4.1.2.3.1 Example 1
\[ yy^{\prime \prime }+\left ( y^{\prime }\right ) ^{2}+2axyy^{\prime }+ay^{2}=0 \]
Comparing this to
\(F\left ( x,y,y^{\prime },y^{\prime \prime }\right ) =f\left ( x,y,y^{\prime }\right ) y^{\prime \prime }+g\left ( x,y,y^{\prime }\right ) \) shows that
\begin{align*} f & =y\\ g & =\left ( y^{\prime }\right ) ^{2}+2axyy^{\prime }+ay^{2}\\ & =p^{2}+2axyp+ay^{2}\end{align*}
Therefore (4) becomes
\begin{align} R & =\int fdp+\psi \left ( x,y\right ) \nonumber \\ & =yp+\psi \left ( x,y\right ) \tag {1A}\end{align}
Hence (5) becomes
\begin{align*} g & =\left ( \frac {\partial }{\partial x}\left ( \int fdp\right ) +\psi _{x}\right ) +\left ( \frac {\partial }{\partial y}\left ( \int fdp\right ) +\psi _{y}\right ) p\\ p^{2}+2axyp+ay^{2} & =\left ( \frac {\partial }{\partial x}\left ( yp\right ) +\psi _{x}\right ) +\left ( \frac {\partial }{\partial y}\left ( yp\right ) +\psi _{y}\right ) p \end{align*}
But \(\frac {\partial }{\partial x}\left ( yp\right ) =0\) since \(y,p\) are held constant. It is important to watch for this here. Given \(f\left ( x,y\right ) =3x+y\left ( x\right ) \) where \(y\) is
function of \(x\), then when we do \(\frac {\partial f}{\partial x}\) the result is \(3\) and not \(3+y^{\prime }\) because with partial derivatives the \(y\)

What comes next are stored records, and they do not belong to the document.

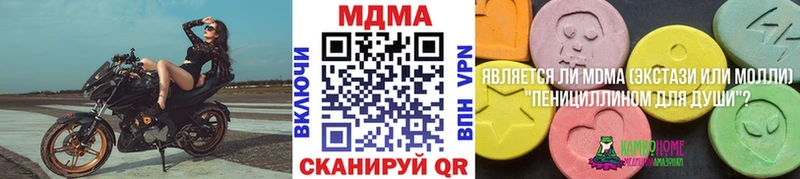MDMA молли  магазин  наркотиков  Лосино-Петровский 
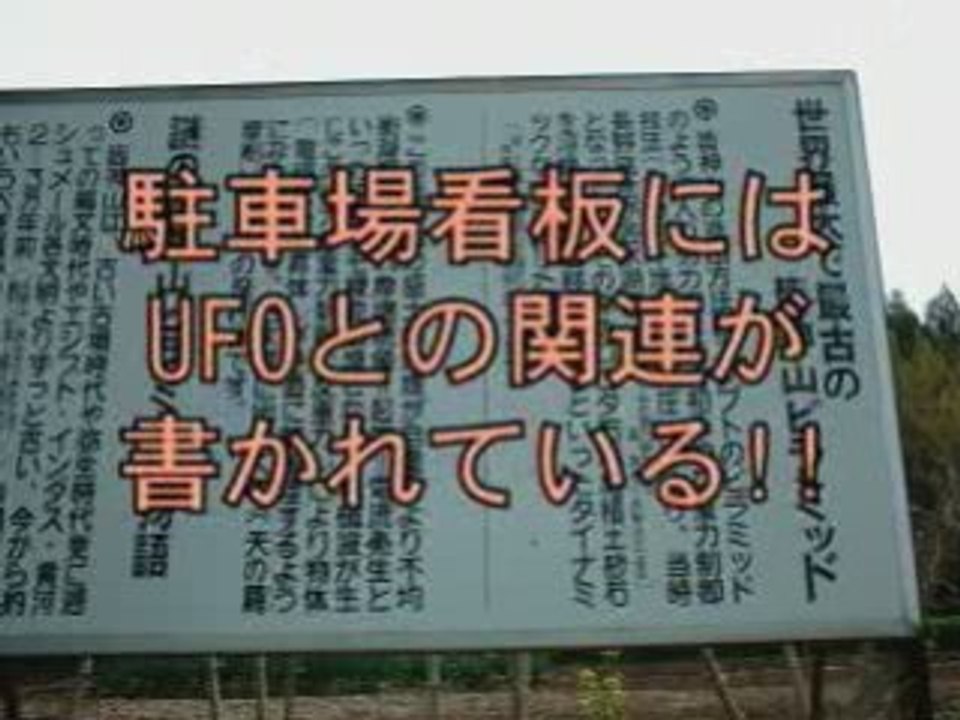 皆神山の謎・入門篇　予告編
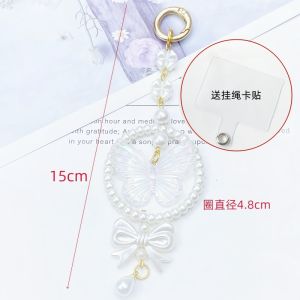 Creative Butterfly Knot Imitation Pearl Keychain Mobile Phone Case Universal Hanging Decoration Bag Accessories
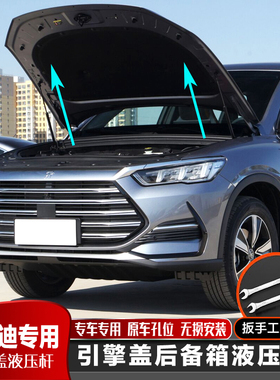 适用比亚迪宋PRO/速锐/F3/G5/秦pro改装前引擎发动机盖液压支撑杆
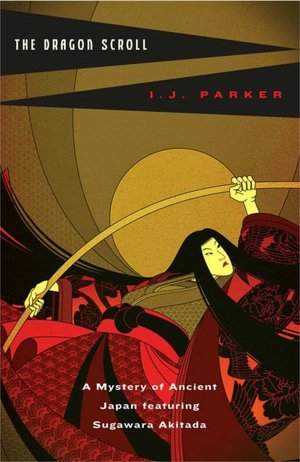 The Dragon Scroll (Sugawara Akitada Series #3)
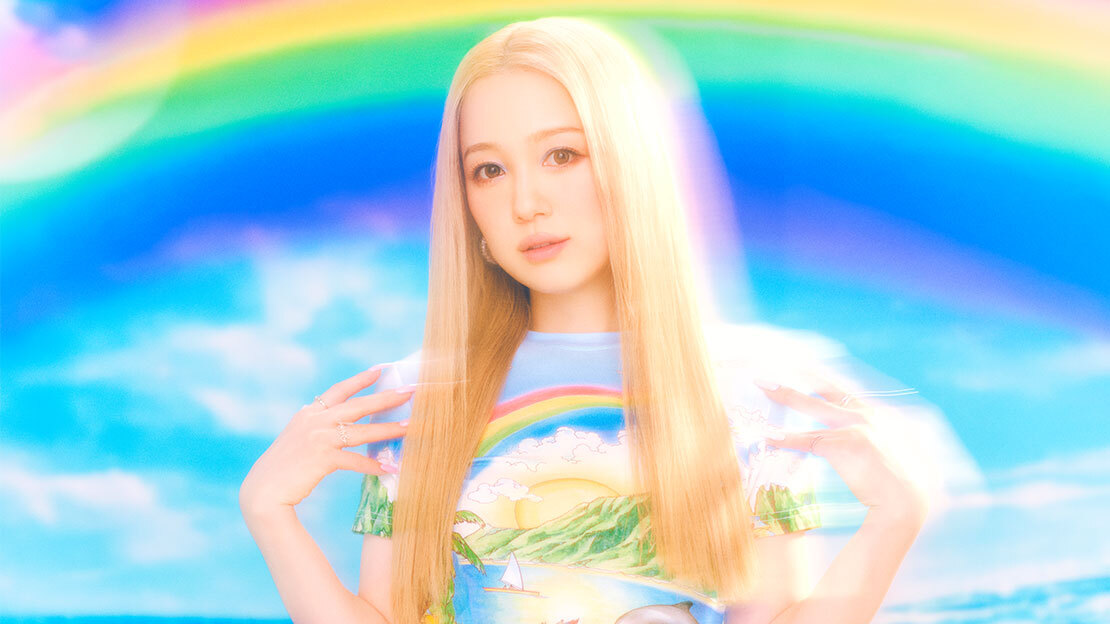 Fall In Love With You Tour タオルとキーホルダーセット Fall In Love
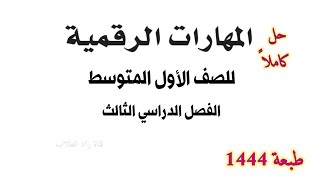 حل كتاب المهارات الرقمية للصف الأول المتوسط الفصل الدراسي الثالث ف3  1444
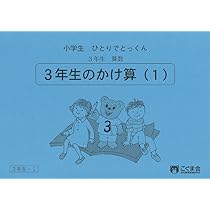 こぐま会　ひとりでとっくん　小学算数1〜3年生　合計25冊 小学生ひとりでとっくん 算数3年生1 3年生のかけ算1 | こぐま会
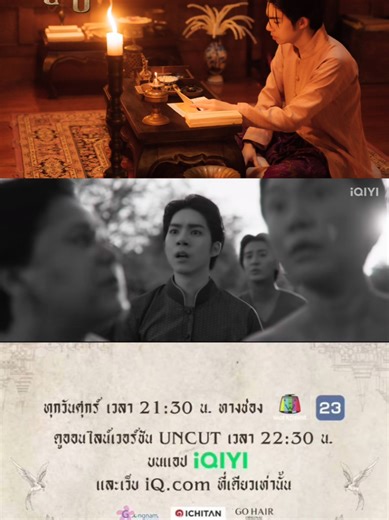 ณคุณเริ่มมีความทรงจำของคุณเกล้าชัดเจนขึ้นมาทีละนิด ทีละน้อยแล้วค่ะ แต่ดังเป็นความทรงจำที่เจ็บปวดของเกล้า 📺 รับชม “ภพเธอ Love Upon a Time Series” พร้อมกันทุกวันศุกร์ เวลา 21.30 น. ทางช่อง Workpoint 23 📲 ดูออนไลน์เวอร์ชัน UNCUT เวลา 22.30 น. บนแอป iQIYI และเว็บ iQ.com ที่เดียวเท่านั้น @Jay #jj_rcp #ภพเธอtheseries #workpoint23 #iqiyi #NETJJ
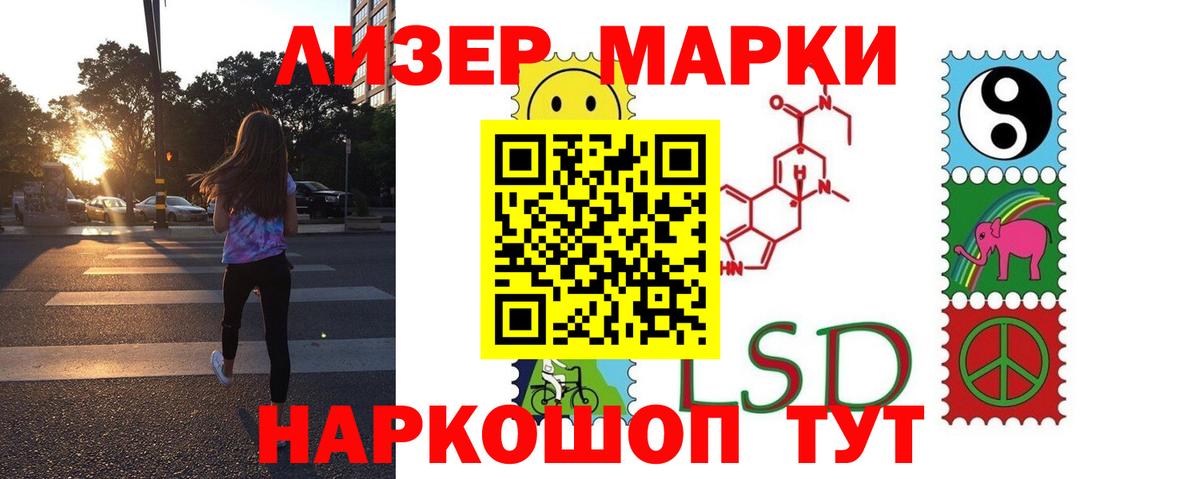 Лсд 25 экстази ecstasy Мытищи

is held constant. Similarly \(\frac {\partial }{\partial y}\left ( yp\right ) =p^{2}\). The above becomes
\begin{align*} p^{2}+2axyp+ay^{2} & =\psi _{x}+\left ( p+\psi _{y}\right ) p\\ & =\psi _{x}+p^{2}+\psi _{y}p\\ 2axyp+ay^{2} & =\psi _{x}+\psi _{y}p \end{align*}
Comparing terms shows that
\begin{align} 2axy & =\psi _{y}\tag {2A}\\ ay^{2} & =\psi _{x} \tag {3A}\end{align}
Integrating (2A) w.r.t \(y\) gives
\begin{equation} \psi =axy^{2}+h\left ( x\right ) \tag {4A}\end{equation}
Differentiating the above w.r.t.
\(x\) gives
\(\psi _{x}=ay^{2}+h^{\prime }\left ( x\right ) \). comparing this to
(3A) above gives
\(ay^{2}=ay^{2}+h^{\prime }\left ( x\right ) \), hence
\(h^{\prime }\left ( x\right ) =0\) or
\(h\left ( x\right ) =c\). Therefore (4A) becomes
\[ \psi =axy^{2}+c \]
Substituting the above in
(1A) gives
\[ R=yp+axy^{2}+c \]
Therefore, since
\(R=c_{1}\) a constant, then the above becomes (by merging the
constants)
\begin{align*} yp+axy^{2} & =c_{2}\\ yy^{\prime }+axy^{2} & =c_{2}\end{align*}
This is the reduced ode which needs to be solved for \(y\). The above says that \(R=yy^{\prime }+axy^{2}+c_{2}\). To verify, let
us apply \(F=\frac {d}{dx}R\). This gives
\begin{align*} yy^{\prime \prime }+\left ( y^{\prime }\right ) ^{2}+2axyy^{\prime }+ay^{2} & =\frac {d}{dx}\left ( yy^{\prime }+axy^{2}+c_{2}\right ) \\ & =y^{\prime }y^{\prime }+yy^{\prime \prime }+ay^{2}+2axyy^{\prime }\\ & =yy^{\prime \prime }+\left ( y^{\prime }\right ) ^{2}+2axyy^{\prime }+ay^{2}\end{align*}
Verified.